**SUPPLIED RECORDS:**
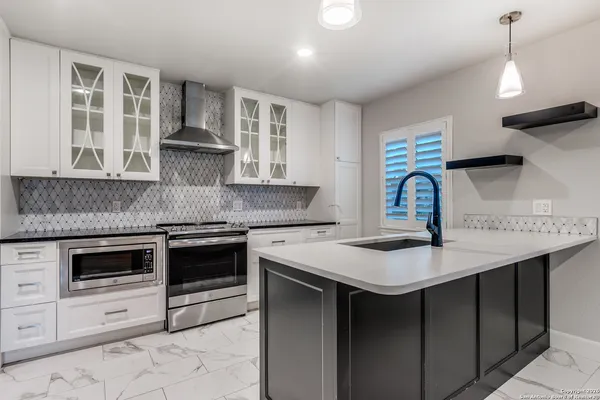 a kitchen with stainless steel appliances granite countertop a sink stove and cabinets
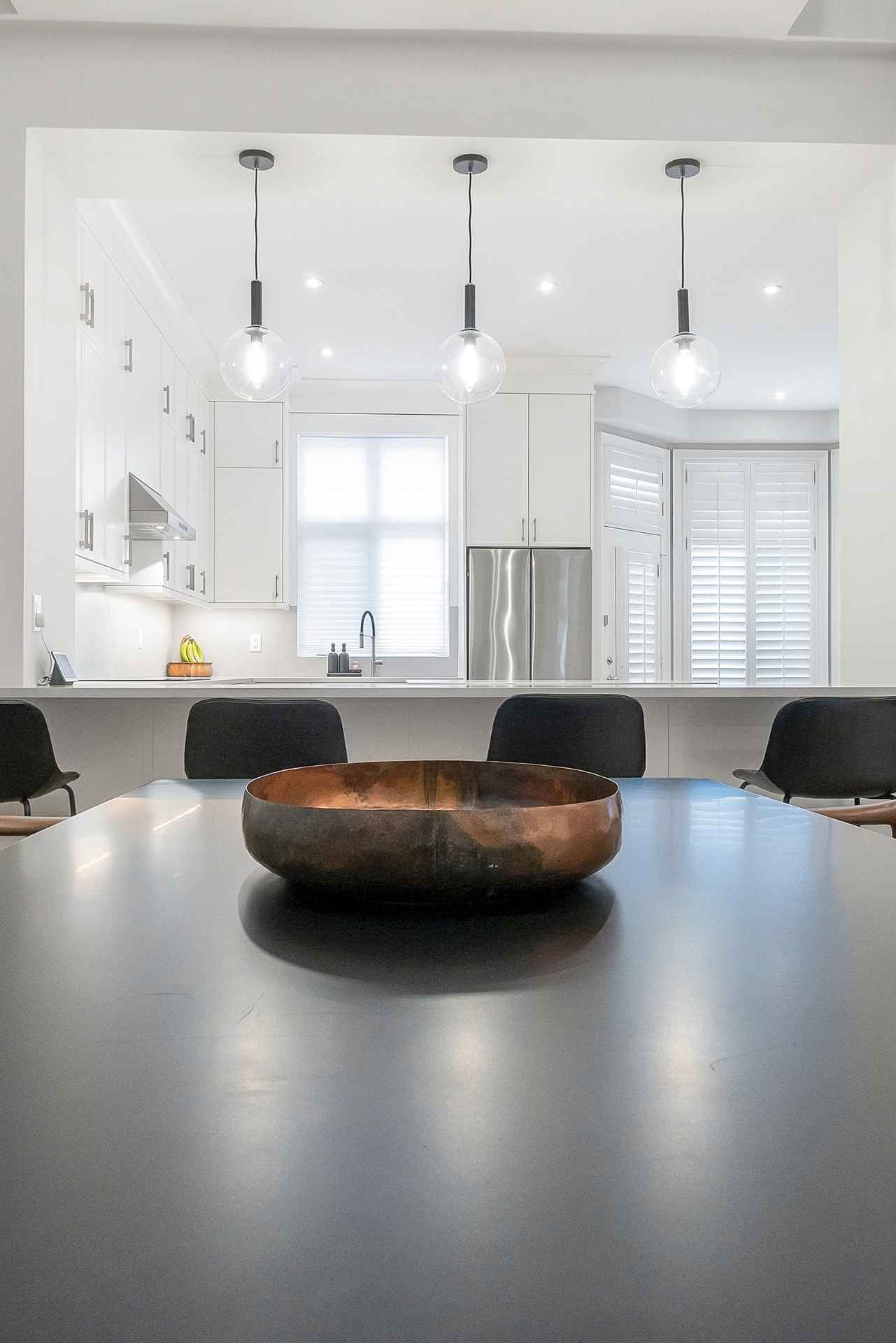 Dining room with dark table, black chairs, and view into a white kitchen with pendant lights.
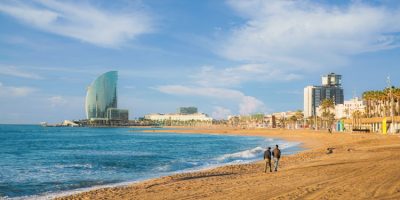 Pedestrians walk along Barceloneta Beach in Barcelona with colorful sky at sunrise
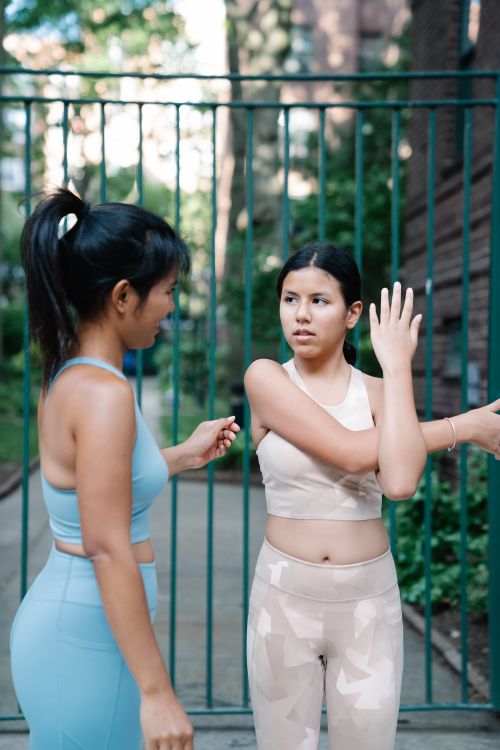 Free Two young women stretching in sportswear outdoors, enjoying a summer workout session together. Stock Photo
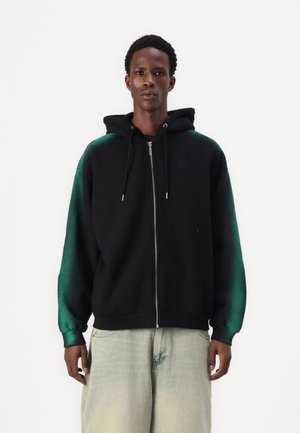 Schwarze Zip-Hoodie mit grün verlaufenden Ärmeln, aus weichem Stoff, mit verstellbarem Kordelzugkapuze und gerippten Bündchen. Kombiniert mit hellblauen Jeans.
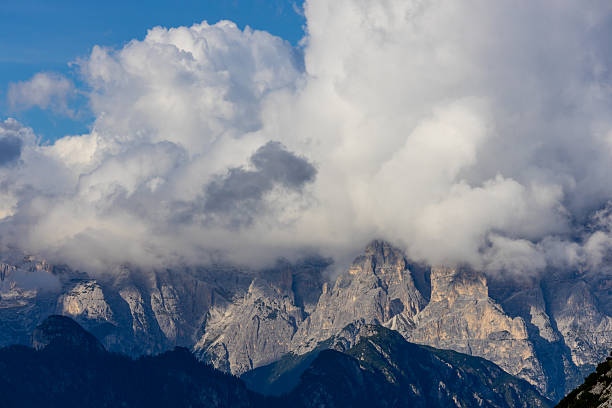 istock Above the clouds Dolomites rocky peaks. Towering cliffs above the clouds 2215091391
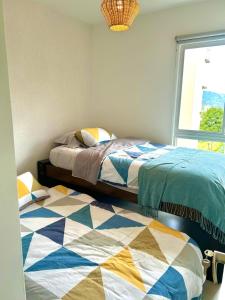 Postel nebo postele na pokoji v ubytování Charming Apartment in Curridabat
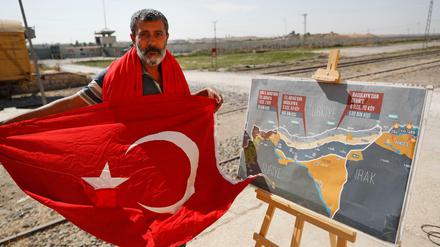 Ein Mann mit einer türkischen Flagge steht an der Grenze zwischen der Türkei und Syrien neben einer Karte, welche die geplante militärische Operation der Türkei in Syrien zeigt.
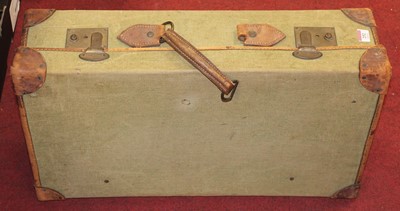 Lot 252 - A canvas clad and leather bound suitcase;...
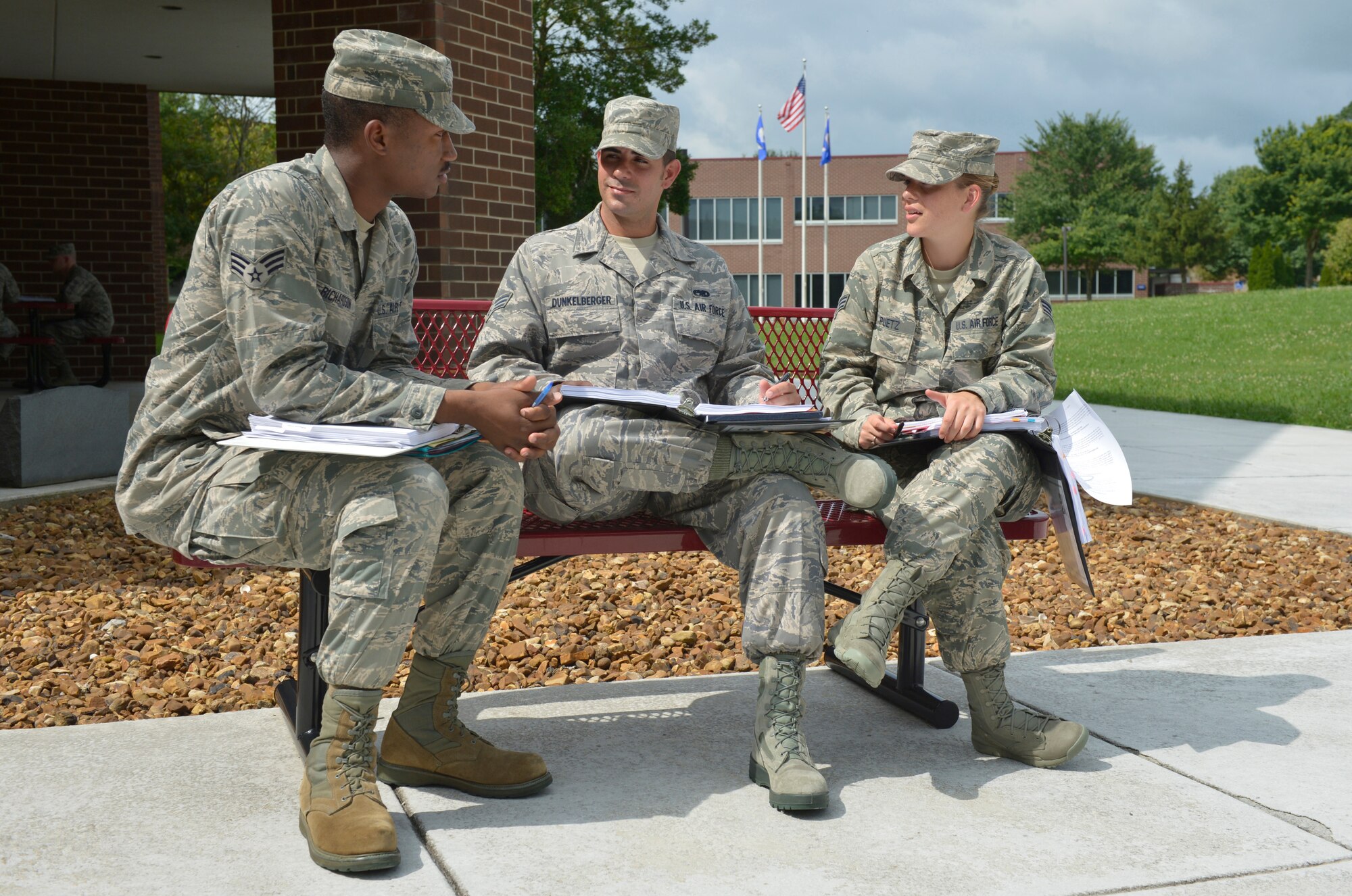 MCGHEE TYSON AIR NATIONAL GUARD BASE, Tenn. - From left, Senior Airmen Ethan W. Richardson, Charles W. Dunkelberger and Maria A. Puetz, attend Airman Leadership School Class 13-6, and participate in group interpersonal communications at the Paul H. Lankford Enlisted Professional Military Education Center at the I.G. Brown Training and Education Center here, July 23, 2013. (U.S. Air National Guard photo by Master Sgt. Kurt Skoglund/Released)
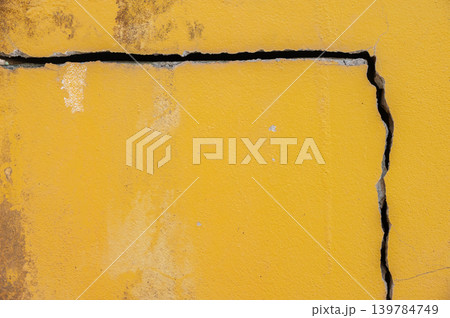 Full frame shot of cracked yellow wall. Wider cracks often represent serious structural damage and can cause serious issues. 139784749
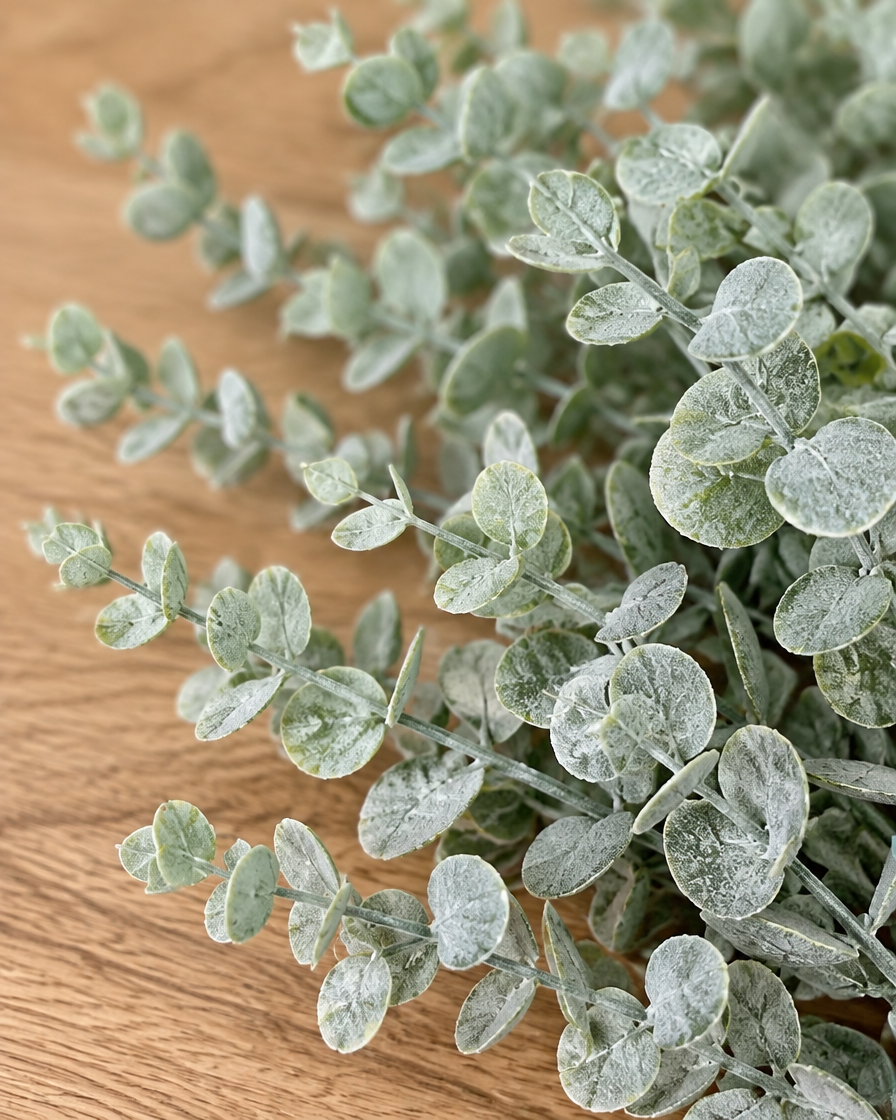 Close-up detail of the frosted sage artificial eucalyptus stems on an oak table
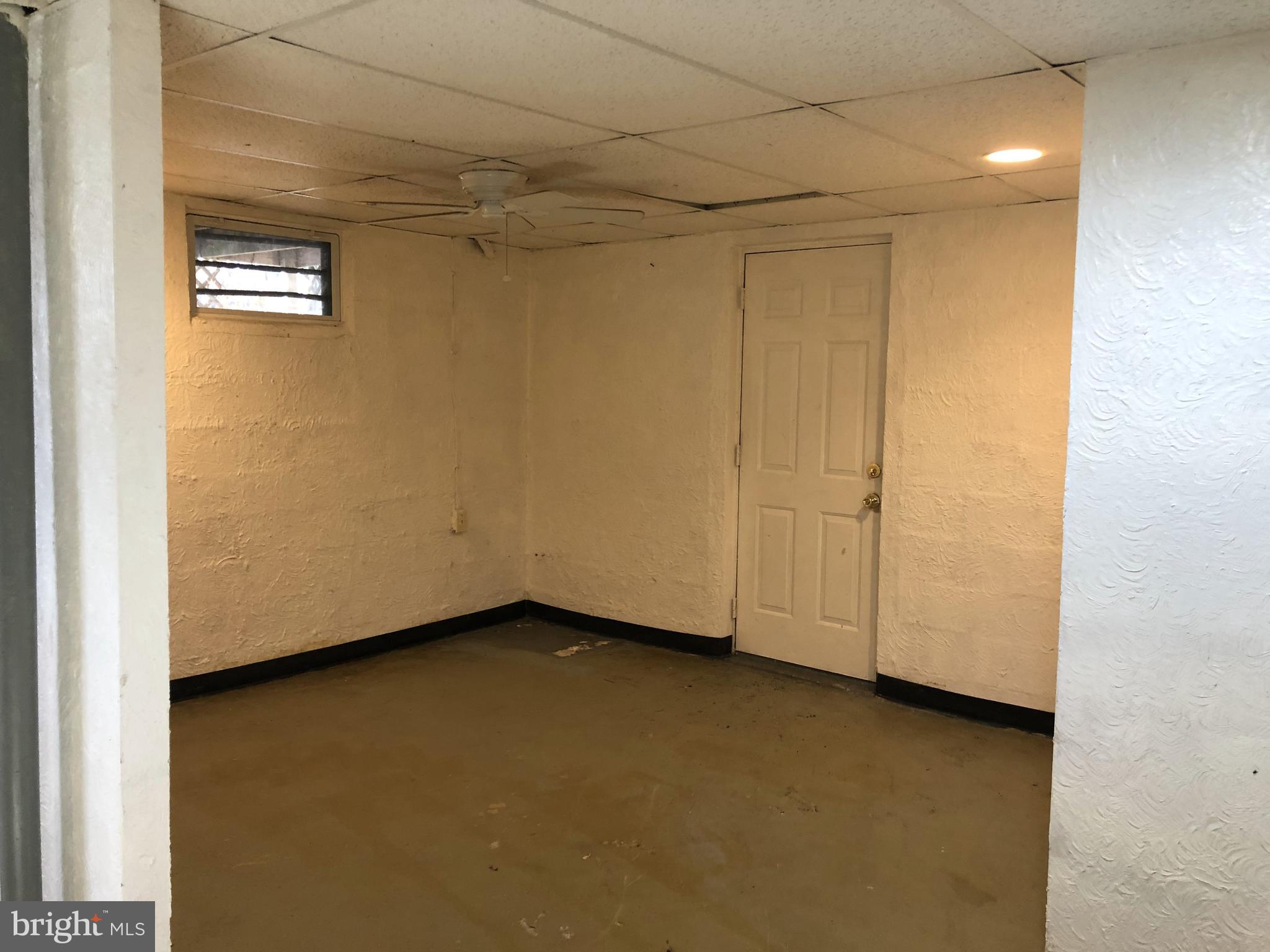 792 Stinchcomb Road Severna Park, MD 21146 - Photo 34 of 40 Basement Walkout Door to the rear of the house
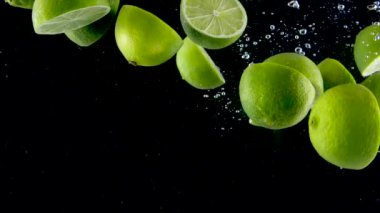 Limon yavaş çekimde suya sıçrıyor. Siyah arka planda yavaş yavaş düşen bir sürü limon. Siyah arka planda izole edilmiş organik yeşil turunçgil. Meyveli taze su.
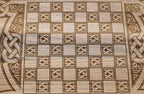 The backgammon board opened to show the wooden playing surface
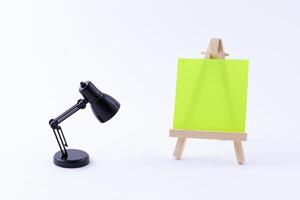 Wooden Easel Miniature with Blank Colored Square Canvas or Memo Paper - Mockup. Mini Wooden Stand with Clean Artboard and Small Black Table Lamp on White Background, Copy Space photo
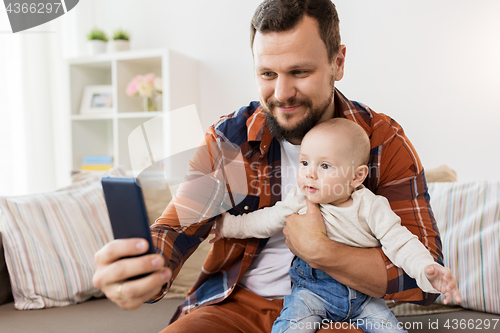 Image of happy father with baby boy taking selfie at home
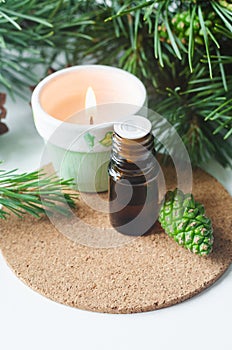 Small bottle with essential pine oil. Aromatherapy, herbal medicine, natural skin care, homemade spa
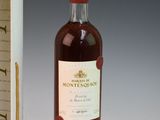 an image of a bottle of wine sitting next to a cardboard box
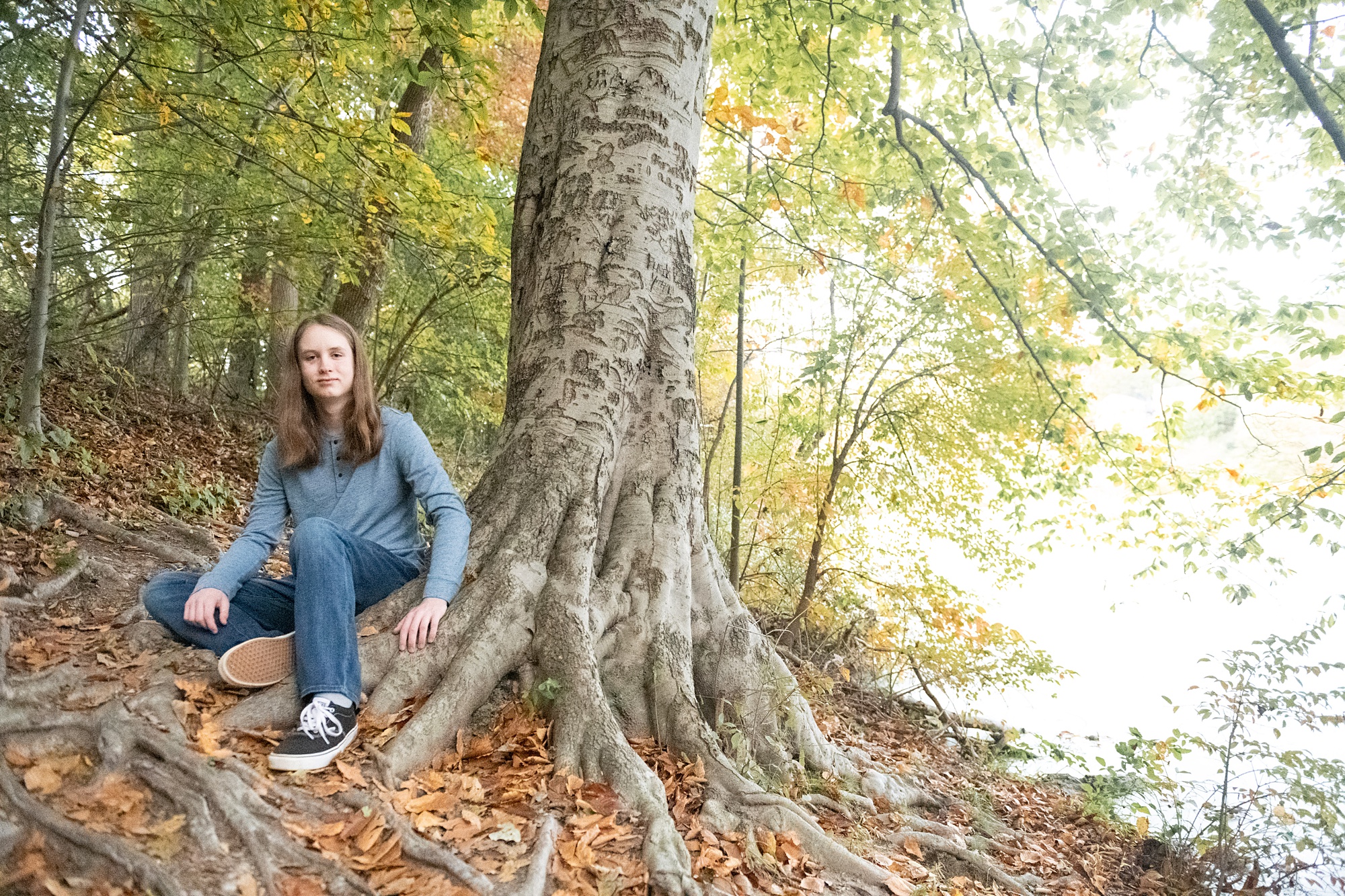 senior sits by roots of tree in Maryland 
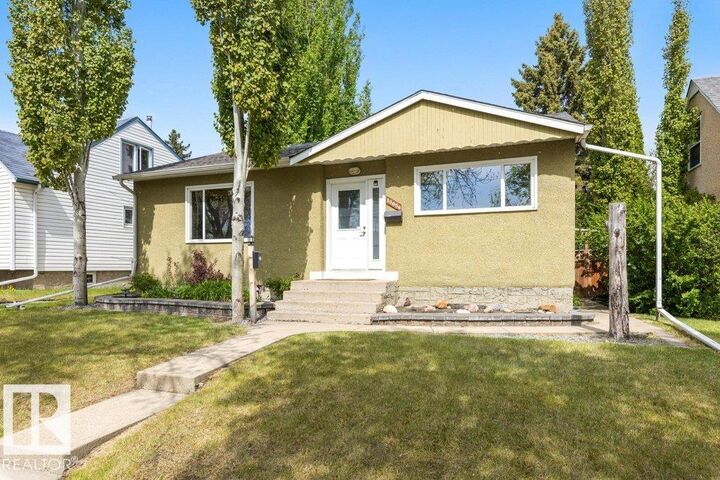 Property Photo:  13056 Sherbrooke Avenue NW  AB T5L 4E9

**TASK INSTRUCTIONS:** Copy nothing but the lines from the start of the entries through the line with "Free Two young". Write them out exactly, without pictures.

**REPLY TO THE TASK:**
 a kitchen with stainless steel appliances granite countertop a sink stove and cabinets
 Dining room with dark table, black chairs, and view into a white kitchen with pendant lights.
 Pedestrians walk along Barceloneta Beach in Barcelona with colorful sky at sunrise
 Free Two young women stretching in sportswear outdoors, enjoying a summer workout session together. Stock Photo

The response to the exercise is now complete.